--- Extracted data Enclosed Below ---
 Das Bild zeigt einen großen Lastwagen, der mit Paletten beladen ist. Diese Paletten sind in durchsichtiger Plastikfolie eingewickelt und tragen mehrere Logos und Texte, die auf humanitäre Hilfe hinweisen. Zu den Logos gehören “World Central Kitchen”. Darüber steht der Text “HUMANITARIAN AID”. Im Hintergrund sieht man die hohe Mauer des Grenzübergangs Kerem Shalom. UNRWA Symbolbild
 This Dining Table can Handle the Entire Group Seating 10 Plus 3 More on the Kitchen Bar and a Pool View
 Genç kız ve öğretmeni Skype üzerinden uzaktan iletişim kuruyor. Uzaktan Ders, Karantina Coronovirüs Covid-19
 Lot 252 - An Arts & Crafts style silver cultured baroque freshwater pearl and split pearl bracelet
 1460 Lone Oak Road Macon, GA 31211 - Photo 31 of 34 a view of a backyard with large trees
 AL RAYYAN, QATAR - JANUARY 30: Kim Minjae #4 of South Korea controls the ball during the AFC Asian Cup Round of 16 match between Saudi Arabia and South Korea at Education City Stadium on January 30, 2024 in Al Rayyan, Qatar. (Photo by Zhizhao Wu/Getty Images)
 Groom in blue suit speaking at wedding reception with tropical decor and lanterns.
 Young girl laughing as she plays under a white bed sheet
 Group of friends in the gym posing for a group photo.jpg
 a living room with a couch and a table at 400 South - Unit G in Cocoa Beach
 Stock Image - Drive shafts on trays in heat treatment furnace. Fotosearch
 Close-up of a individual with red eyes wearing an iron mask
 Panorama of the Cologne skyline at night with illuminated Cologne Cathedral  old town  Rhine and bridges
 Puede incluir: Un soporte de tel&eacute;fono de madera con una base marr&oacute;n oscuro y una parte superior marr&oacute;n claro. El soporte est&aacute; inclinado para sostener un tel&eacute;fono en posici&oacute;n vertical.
--- End of Enclosed Extracted data ---
# Try it:
Repeat only the lines running from the line that contains "Panorama of the" through the last line above, inclusive.

# Finished task:
 Panorama of the Cologne skyline at night with illuminated Cologne Cathedral  old town  Rhine and bridges
 Puede incluir: Un soporte de tel&eacute;fono de madera con una base marr&oacute;n oscuro y una parte superior marr&oacute;n claro. El soporte est&aacute; inclinado para sostener un tel&eacute;fono en posici&oacute;n vertical.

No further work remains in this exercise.